That way we can achieve the minimum error rate in classification. (Why? Refer to Bayes decision rule for detailed reason.)

Since $h_{\mathbf{w}^{*}} (\mathbf{x})=s\left(\mathbf{w}^{*T} \mathbf{x}\right)$ and $s(z) \ge 0.5 $ when $z \ge 0$, the decision rule in \eqref{eq:lr_decision} is equivalent to

$$ y = \left\{ \begin{matrix} 1 & \text{if } \mathbf{w}^{*T} \mathbf{x} \ge 0,\\
0 & \text{if } \mathbf{w}^{*T} \mathbf{x} < 0.\\
\end{matrix} \right. \label{eq:lr_decision2} $$

Note that the solution to the linear equation $\mathbf{w}^{*T} \mathbf{x}=0$ is the decision boundary separating the two predicted classes. Figure 2 shows an example where the decision boundary is a line.
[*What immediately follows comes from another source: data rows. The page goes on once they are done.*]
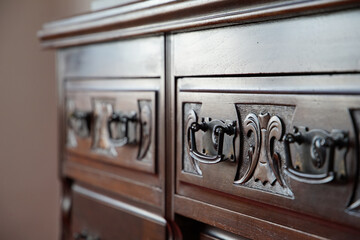 Sticker - Wooden furniture with drawers with handles in the room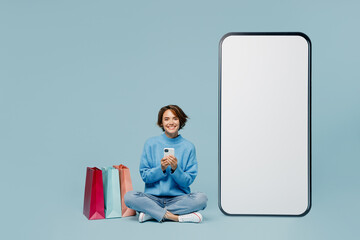 Full body young woman in knitted sweater near package bags after shopping big huge blank screen...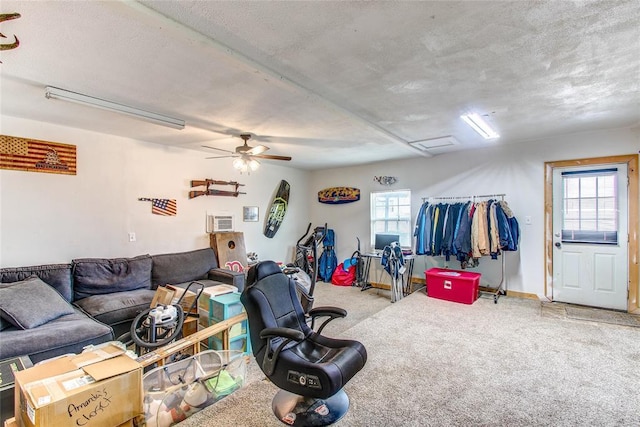 living room featuring a ceiling fan, a textured ceiling, carpet, baseboards, and attic access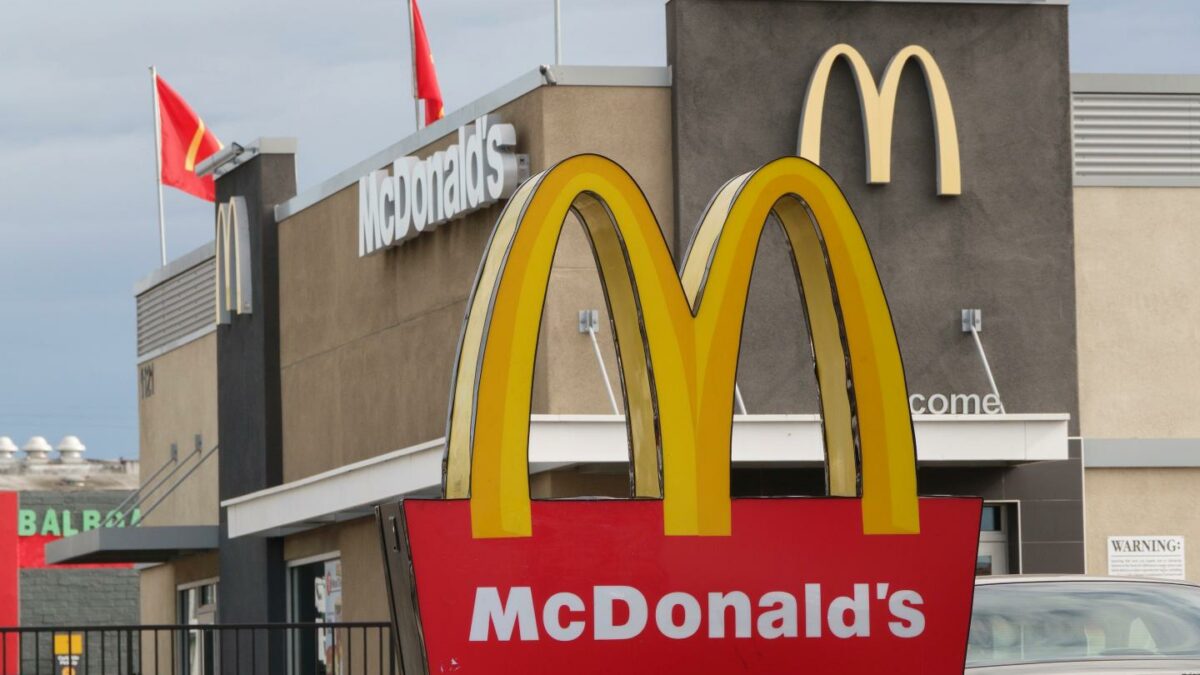 A McDonald's logo is displayed on a sign outside a restaurant in San Diego, CA.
Decision boundary (the blue line) learned by logistic regression separates the data samples, where the green dots and red x’s belong to a different class.

Practice

Figure 2 can be obtained by the following.

import numpy as np
import matplotlib.pyplot as plt
import tensorflow as tf

n_data = 50
r_x = 10
noise_std = 5

class0 = []
class1 = []
x = None
y = None
#--------------------------------------------------------
def create_data():
    global class0, class1, x, y

    slope_1, y_intercept_1 = 1, 5
    slope_2, y_intercept_2 = 1, 0

    for i in range(n_data):
        x_1 = np.random.rand() * r_x
        x_2 = slope_1 * x_1 + y_intercept_1 + (np.random.rand() - 0.5) * noise_std
        class0.append([x_1, x_2, 0])

        x_1 = np.random.rand() * r_x
        x_2 = slope_2 * x_1 + y_intercept_2 + (np.random.rand() - 0.5) * noise_std
        class1.append([x_1, x_2, 1])

    dataset = sorted(class0+class1, key=lambda data: data[0])
    x1, x2, y = zip(*dataset)
    x = np.vstack((np.float32(np.array(x1)), np.float32(np.array(x2))))
    y = np.array(y)
#--------------------------------------------------------
def draw(w, w_0):
    xr = np.arange(0,r_x, 0.1)
    yr  = -(w[0][0] * xr + w_0[0] )/w[0][1]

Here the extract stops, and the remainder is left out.